### WHAT YOU WILL DO
Exactly as they appear below, repeat the lines from the one with "Puuvillane looptrikotaaž - cappuccino" through the one with "Executive King Suite - Image 13", and no others.

### EXCERPTED DATA
####

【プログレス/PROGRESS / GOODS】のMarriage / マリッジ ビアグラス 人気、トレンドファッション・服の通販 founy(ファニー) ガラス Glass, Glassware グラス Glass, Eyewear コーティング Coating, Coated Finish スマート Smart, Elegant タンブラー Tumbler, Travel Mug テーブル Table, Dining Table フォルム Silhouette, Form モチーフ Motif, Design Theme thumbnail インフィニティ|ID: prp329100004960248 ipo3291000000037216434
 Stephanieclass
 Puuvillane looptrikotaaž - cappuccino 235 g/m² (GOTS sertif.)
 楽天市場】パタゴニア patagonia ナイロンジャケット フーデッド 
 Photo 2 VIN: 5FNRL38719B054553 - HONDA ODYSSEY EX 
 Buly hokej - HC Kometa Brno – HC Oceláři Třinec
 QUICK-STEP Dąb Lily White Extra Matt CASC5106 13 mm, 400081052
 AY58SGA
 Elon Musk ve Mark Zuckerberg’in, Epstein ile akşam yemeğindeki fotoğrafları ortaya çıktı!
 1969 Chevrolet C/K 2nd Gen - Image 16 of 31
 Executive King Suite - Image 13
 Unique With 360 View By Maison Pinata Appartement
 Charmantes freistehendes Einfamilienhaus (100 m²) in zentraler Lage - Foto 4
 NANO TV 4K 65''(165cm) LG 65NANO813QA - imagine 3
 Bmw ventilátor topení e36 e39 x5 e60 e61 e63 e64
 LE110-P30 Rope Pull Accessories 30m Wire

####

### ANSWER TO THE EXERCISE
 Puuvillane looptrikotaaž - cappuccino 235 g/m² (GOTS sertif.)
 楽天市場】パタゴニア patagonia ナイロンジャケット フーデッド 
 Photo 2 VIN: 5FNRL38719B054553 - HONDA ODYSSEY EX 
 Buly hokej - HC Kometa Brno – HC Oceláři Třinec
 QUICK-STEP Dąb Lily White Extra Matt CASC5106 13 mm, 400081052
 AY58SGA
 Elon Musk ve Mark Zuckerberg’in, Epstein ile akşam yemeğindeki fotoğrafları ortaya çıktı!
 1969 Chevrolet C/K 2nd Gen - Image 16 of 31
 Executive King Suite - Image 13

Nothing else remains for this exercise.